**WORK INSTRUCTION:** The line with "Turn spare buttons" starts the range, and the last line of the listing ends it. Retype that range exactly, without pictures.

**DATA SEGMENT:**
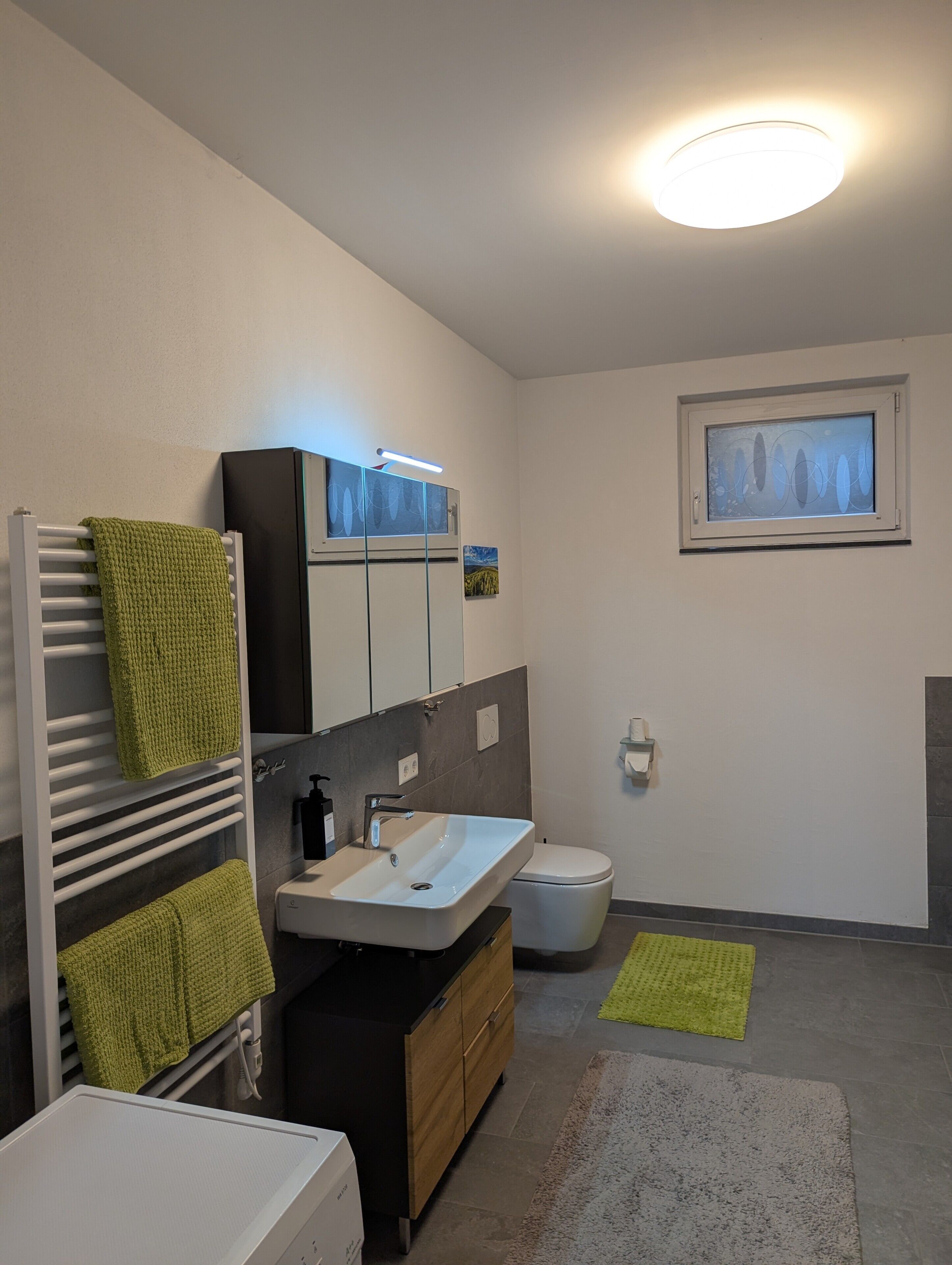 A modern bathroom with a white sink, a mirror, a towel rack, a toilet, and a small window with a painting.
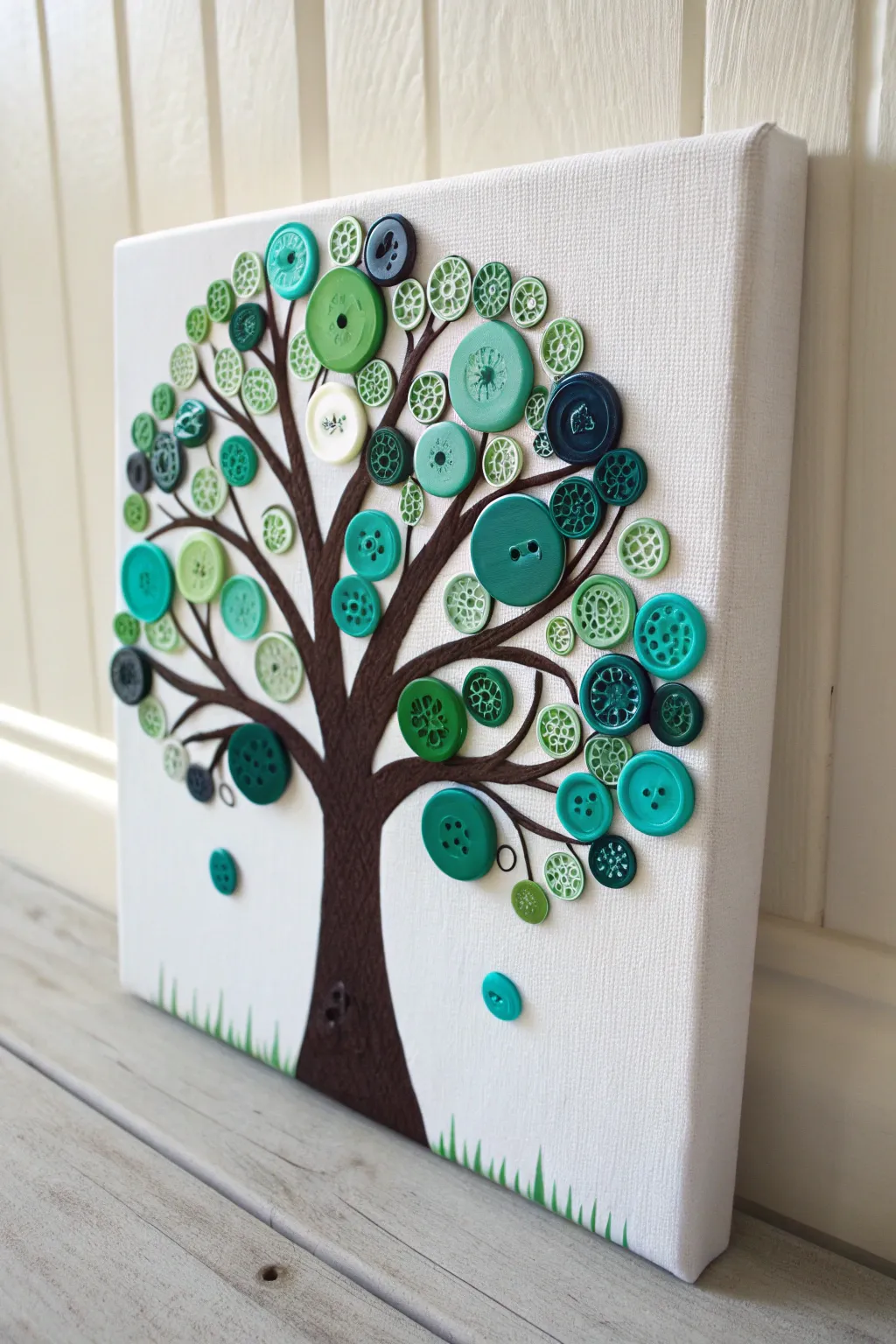 Turn spare buttons into a whimsical 3D tree canvas. A chic, colorful DIY accent for modern boho homes.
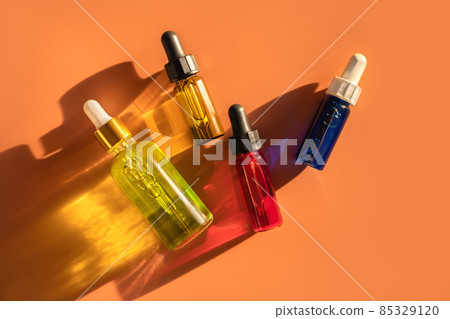 Transparent glass dropper bottles with green, red and blue liquid inside on orange beige background in the sunlight. Pipette with fluid hyaluronic acid, serum, retinol. Cosmetics, healthcare, beauty Transparent glass dropper bottles with green, red and blue liquid inside on orange beige background in the sunlight. Pipette with fluid hyaluronic acid, serum, retinol. Cosmetics, healthcare, beauty 85329120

**RESPONSE FOR THIS EXERCISE:**
 Turn spare buttons into a whimsical 3D tree canvas. A chic, colorful DIY accent for modern boho homes.
 Transparent glass dropper bottles with green, red and blue liquid inside on orange beige background in the sunlight. Pipette with fluid hyaluronic acid, serum, retinol. Cosmetics, healthcare, beauty Transparent glass dropper bottles with green, red and blue liquid inside on orange beige background in the sunlight. Pipette with fluid hyaluronic acid, serum, retinol. Cosmetics, healthcare, beauty 85329120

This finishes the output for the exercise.